Playing with the $L$ -series, we can find that $L(s, \,\chi)L(s, \, \chi\chi')= \prod_{p}\bigg(\frac{p^{2s}}{p^{2s-1}}\bigg)\prod_{p|k}\bigg(\frac{p^{2s}-1}{p^{2s}}\bigg)\sum_{f}\frac{\chi(a)}{a}+\sum_{f}\sum_{r=-\infty}^{\infty}A_{r}e^{\frac{\pi irb}{ka}}$ , where we get to the last line by expressing the sum of $f$ as a Fourier series, with $A_{r}$ being the coefficients of this sum. We then take the limit as $s$ tends to 1 to find that $L(1, \chi) L(1, \chi \chi') = \frac{\pi^{2}}{6}\prod_{p|k}\bigg(1-\frac{1}{p^{2}}\bigg)\sum_{f}\frac{\chi(a)}{a}+\sum_{f}\sum_{r=-\infty}^{\infty}A_{r}e^{\frac{\pi irb}{ka}}$ . Calculating and bounding the terms in the Fourier Series we find that for $r \neq 0$ , $|A_{r}| \leq 2r'e^{\frac{-r'}{ka}}$ , where $r'=\frac{\pi |r|}{\sqrt{d}}$ , and $A_{0}=0$ apart from when $k$ is a power of prime $p$ , when $A_{0}=\frac{-2 \pi}{k \sqrt{d}}\chi (a) \log p$ .

We now assume that $K= \mathbb{Q}(\sqrt{-d})$ has class number one.

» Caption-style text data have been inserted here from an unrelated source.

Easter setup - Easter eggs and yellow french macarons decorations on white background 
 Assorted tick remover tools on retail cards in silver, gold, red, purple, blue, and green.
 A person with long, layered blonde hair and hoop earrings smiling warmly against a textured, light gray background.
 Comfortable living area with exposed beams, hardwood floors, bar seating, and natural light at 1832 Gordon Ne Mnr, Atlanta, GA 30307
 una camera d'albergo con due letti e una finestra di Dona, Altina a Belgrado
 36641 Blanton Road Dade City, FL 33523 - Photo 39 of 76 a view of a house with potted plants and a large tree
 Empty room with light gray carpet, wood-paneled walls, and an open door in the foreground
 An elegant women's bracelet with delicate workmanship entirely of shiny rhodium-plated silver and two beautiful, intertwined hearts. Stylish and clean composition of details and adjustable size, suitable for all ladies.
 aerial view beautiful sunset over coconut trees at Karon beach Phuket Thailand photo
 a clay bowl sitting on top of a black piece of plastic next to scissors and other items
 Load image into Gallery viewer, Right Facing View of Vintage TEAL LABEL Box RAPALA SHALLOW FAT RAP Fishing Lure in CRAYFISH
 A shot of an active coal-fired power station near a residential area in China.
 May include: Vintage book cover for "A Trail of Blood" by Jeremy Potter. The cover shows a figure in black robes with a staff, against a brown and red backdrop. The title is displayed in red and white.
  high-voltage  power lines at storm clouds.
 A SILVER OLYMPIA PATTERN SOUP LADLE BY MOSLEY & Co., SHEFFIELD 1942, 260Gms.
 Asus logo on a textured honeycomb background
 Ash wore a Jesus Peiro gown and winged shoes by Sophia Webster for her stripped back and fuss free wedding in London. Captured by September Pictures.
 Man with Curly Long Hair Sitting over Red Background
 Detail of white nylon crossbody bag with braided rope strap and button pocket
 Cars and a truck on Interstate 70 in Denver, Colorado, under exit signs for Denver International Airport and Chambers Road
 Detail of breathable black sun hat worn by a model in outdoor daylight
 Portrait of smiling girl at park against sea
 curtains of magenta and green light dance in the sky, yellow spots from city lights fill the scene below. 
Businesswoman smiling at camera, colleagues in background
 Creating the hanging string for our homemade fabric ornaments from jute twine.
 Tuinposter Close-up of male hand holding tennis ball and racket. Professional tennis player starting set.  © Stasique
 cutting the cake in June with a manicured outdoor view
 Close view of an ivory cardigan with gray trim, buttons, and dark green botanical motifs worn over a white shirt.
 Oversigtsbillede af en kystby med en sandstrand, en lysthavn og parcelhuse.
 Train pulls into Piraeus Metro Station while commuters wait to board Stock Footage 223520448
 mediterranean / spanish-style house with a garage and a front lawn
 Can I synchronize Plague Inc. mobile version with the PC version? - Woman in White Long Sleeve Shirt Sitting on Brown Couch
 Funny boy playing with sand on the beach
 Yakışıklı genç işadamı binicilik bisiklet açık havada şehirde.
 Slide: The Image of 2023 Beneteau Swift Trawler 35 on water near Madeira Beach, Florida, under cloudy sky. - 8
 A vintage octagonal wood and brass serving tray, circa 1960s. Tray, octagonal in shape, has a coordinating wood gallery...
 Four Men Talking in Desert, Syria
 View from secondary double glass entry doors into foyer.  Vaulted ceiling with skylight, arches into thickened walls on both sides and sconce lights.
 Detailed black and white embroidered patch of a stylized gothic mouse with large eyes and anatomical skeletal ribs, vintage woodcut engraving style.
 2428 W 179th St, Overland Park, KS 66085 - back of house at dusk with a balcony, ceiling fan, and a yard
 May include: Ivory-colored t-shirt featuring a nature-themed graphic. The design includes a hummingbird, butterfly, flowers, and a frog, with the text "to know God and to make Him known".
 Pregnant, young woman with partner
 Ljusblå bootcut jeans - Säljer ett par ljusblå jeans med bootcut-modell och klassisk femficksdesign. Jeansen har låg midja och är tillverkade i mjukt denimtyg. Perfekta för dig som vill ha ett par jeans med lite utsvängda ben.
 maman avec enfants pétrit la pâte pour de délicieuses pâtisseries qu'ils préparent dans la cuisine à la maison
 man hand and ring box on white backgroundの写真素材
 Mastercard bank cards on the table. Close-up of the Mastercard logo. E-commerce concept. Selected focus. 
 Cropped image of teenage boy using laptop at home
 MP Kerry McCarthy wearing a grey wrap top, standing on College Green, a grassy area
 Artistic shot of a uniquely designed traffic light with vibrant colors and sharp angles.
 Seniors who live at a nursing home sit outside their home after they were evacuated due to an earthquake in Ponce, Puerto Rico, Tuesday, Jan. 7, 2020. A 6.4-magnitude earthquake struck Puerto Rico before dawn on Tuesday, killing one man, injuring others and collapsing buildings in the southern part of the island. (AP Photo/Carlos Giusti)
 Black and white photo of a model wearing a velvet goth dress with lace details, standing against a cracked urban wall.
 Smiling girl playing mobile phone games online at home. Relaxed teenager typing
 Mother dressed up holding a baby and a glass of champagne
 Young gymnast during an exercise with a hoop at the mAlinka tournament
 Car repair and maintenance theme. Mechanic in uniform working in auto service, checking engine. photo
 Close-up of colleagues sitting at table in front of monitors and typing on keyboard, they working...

Then, by assumption, see the next addendum post, $d$ is prime and $d \equiv 3 \mod 4$ . We also take $k \equiv 1 \mod 4$ . Further, as we assume $K$ has class number 1, there is just one reduced quadratic form, $x^{2}+xy+\frac{1+d}{4}y^{2}$ with discriminant equal to $D_{K}$ . Thus we see that $\chi(a)=1$ , $a=1$ so $\sum_{f} \frac{\chi(a)}{a}=1$ . Further, as there is only one reduced quadratic form (there is only one $f$ ) we can easily see that $\sum_{f}\sum_{r=-\infty}^{\infty}A_{r}e^{\frac{\pi irb}{(ka)}}=\sum_{r=-\infty}^{\infty}A_{r}e^{\frac{\pi ir}{k}}$ .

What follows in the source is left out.